Static menu with music
Scene Access with 21 cues and remote access
Subtitles/Captions in English with remote access
1 Original Trailer(s)
1 Featurette(s)
Packaging: Alpha
Picture Disc
1 Disc
1-Sided disc(s)
Layers: single

Extra Extras:
  1. No C-4 for Daniel-Daniel, a short film by the same filmmakers
  2. photo gallery
  3. insert booklet with essays by André Bonzel and Matt Zoller Seitz
Extras Review: The featurette (08m:57s) is a 1993 interview with the three filmmakers, conducted in English, in which they discuss the making of the movie—the idea was born as they attended film school in Belgium—and its international reception, especially at the Cannes Film Festival. No C-4 for Daniel-Daniel (11m:57s), a 1989 student film of theirs, is a fake trailer for a nonexistent action-adventure movie, starring Poelvoorde as a "space buccaneer." Some of it is funny, but it does go on a bit; and, like the feature, it's not short on offensive material, this time featuring an actor in blackface. For reasons known to the filmmakers alone, this short is dedicated to Marguerite Duras.

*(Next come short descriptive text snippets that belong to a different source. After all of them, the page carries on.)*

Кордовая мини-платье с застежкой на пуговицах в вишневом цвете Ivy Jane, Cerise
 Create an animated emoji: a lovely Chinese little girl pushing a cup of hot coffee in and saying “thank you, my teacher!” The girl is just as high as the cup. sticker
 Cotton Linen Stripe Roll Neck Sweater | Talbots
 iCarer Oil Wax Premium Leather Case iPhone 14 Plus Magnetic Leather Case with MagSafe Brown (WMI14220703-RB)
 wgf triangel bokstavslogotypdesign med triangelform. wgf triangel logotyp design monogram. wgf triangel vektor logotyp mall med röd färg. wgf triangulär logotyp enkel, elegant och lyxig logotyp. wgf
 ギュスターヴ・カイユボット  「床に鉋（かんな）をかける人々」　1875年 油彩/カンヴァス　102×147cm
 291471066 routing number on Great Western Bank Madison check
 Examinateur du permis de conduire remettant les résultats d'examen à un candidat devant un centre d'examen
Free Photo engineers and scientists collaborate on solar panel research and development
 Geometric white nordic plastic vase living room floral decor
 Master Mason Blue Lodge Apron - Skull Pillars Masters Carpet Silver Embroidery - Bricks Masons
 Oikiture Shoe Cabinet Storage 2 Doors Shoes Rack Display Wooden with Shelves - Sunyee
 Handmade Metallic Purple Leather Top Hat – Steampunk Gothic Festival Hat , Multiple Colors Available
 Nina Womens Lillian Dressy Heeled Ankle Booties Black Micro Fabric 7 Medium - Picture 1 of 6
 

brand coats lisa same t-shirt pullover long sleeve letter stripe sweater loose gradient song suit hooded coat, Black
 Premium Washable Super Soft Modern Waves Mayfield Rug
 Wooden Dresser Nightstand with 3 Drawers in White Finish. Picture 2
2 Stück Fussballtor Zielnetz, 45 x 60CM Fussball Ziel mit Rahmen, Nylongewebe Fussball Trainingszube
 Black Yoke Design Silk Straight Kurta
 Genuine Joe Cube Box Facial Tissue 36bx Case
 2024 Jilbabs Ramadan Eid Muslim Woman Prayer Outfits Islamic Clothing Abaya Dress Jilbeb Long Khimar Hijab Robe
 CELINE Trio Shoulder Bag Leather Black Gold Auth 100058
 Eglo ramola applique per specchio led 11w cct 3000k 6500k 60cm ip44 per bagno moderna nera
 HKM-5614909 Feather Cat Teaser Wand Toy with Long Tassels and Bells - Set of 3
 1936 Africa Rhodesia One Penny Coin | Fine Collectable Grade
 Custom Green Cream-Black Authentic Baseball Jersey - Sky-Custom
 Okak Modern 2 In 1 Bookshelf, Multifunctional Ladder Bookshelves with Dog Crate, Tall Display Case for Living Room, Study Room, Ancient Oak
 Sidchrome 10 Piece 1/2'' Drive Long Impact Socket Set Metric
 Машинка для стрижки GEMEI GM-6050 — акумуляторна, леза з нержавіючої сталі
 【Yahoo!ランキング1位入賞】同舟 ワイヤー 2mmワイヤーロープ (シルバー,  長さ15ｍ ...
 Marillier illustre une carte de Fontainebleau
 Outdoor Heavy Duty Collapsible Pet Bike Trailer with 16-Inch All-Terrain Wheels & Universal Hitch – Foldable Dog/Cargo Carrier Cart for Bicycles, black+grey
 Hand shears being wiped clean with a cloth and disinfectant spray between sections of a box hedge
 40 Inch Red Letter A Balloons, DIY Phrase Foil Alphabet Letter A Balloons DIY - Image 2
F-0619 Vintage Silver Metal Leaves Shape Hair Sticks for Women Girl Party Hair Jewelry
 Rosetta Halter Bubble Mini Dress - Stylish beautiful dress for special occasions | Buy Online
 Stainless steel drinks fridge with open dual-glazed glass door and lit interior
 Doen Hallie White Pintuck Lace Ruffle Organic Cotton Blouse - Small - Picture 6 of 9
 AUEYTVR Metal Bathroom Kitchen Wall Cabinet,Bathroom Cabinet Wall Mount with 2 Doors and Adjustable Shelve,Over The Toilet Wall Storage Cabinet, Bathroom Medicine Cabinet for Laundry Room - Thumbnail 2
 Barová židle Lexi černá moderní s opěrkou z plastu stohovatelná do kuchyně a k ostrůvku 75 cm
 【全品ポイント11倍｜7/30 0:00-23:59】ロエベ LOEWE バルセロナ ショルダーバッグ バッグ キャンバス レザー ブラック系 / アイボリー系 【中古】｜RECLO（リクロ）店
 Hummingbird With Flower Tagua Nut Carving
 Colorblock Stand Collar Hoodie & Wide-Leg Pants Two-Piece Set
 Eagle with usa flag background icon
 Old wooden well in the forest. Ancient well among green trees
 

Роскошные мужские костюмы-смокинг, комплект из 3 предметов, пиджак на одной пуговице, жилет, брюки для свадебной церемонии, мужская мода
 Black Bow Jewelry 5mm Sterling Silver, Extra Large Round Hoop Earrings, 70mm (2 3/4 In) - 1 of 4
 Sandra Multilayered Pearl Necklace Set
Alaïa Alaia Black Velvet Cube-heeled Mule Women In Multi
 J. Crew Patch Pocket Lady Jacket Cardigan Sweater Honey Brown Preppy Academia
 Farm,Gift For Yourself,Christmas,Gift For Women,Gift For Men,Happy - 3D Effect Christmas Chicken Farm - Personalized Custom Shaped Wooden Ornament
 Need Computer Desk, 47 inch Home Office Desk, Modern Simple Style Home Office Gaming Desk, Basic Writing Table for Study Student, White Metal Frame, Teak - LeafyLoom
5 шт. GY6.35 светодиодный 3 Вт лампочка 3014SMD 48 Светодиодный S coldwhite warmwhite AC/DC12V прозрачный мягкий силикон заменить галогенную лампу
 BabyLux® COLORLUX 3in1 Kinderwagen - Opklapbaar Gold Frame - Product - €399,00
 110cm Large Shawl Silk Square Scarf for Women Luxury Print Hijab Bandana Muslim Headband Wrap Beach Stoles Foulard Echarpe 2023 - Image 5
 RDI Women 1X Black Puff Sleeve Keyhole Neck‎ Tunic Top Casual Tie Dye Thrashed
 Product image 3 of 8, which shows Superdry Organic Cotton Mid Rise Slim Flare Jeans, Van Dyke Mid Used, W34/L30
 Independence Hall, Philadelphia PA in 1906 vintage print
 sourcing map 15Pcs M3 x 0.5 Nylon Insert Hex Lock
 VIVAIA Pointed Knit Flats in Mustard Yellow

The stills gallery offers fifteen photographs, all from the set but for one, from Cannes; the trailer offers a translation of the French title, C'est arrivé près de chez vous, as It Happened In Your Neighborhood. And the disc itself is delightfully made up so as to appear spattered with blood. Salut!

Extras Grade: B-
 

Final Comments

If you were looking for the antithesis of family fare, this might be it, but if you can stomach it, Man Bites Dog is a sick, funny and dangerously smart movie. Where have you gone, Benoit Poelvoorde? A nation turns its lonely eyes to you.